Zachary Klaassen: And I think, too. We have two surgeons discussing, I think from what their initial experience was, wasn't any more of a difficult surgery. So I think that's important too so.
Robert Reiter: Absolutely.
Zachary Klaassen: My last question, Rob, it's the reason we have these discussions just to think about where the landscape is going. The Rad Oncs have done a great job of clinical trials. And they've got a good footprint with good data for high risk patients, radiotherapy plus let's say two years ADT plus or minus Abi.
Let's say PROTEUS and/or GUNS plays out to be practice changing phase III data. How are we going to discuss high risk localized prostate cancer management with our patients?
Robert Reiter: One of the reasons that patients oftentimes elect surgery with high-- when they have high risk disease is they may not need ADT. Even though we as surgeons that their recurrence rate is very high and that ultimately many of them will need ADT. So I think this will change the paradigm of how we use surgery.
I think again, until we someday have a randomized trial of radiation plus two years of ADT versus surgery plus ADT, we're never going to the answer. But we will be able to look at, I think, probably better endpoints, such as metastasis free survival in comparisons. Rather than looking at PSA recurrences, which as we know a the definition is different for radiation and surgery, they're almost meaningless.
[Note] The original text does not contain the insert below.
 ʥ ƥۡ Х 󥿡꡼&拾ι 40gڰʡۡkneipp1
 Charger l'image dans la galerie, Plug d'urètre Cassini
So I think if these trials pan out where we actually have clinically validated endpoints that are meaningful, then maybe we'll have-- will be able to have better discussions with patients about the optimal way to manage their cancer.
As far as GUNS is concerned, I think that's going to lead to registration type trials for genomically selected patients. And I think clearly ultimately that's where we're going to be going.
Zachary Klaassen: Yeah great answer. Rob, it's always good chatting with you. This is a great summary of your interdisciplinary GU cancer forum 2025 talk you gave about a month ago. Any final thoughts, any take home messages for our listeners.
Robert Reiter: You know I think as urologists-- I mean I think the key thing is for us to be engaged in these kinds of trials to really be open minded about the role of surgery versus radiation and to keep pushing the field forward. That's where we need to go.
Zachary Klaassen: Yeah, absolutely. Well said. Rob, thanks so much for taking time out of your busy day to join us in the--
Robert Reiter: Thank you Zach. Enjoyed it. Take care.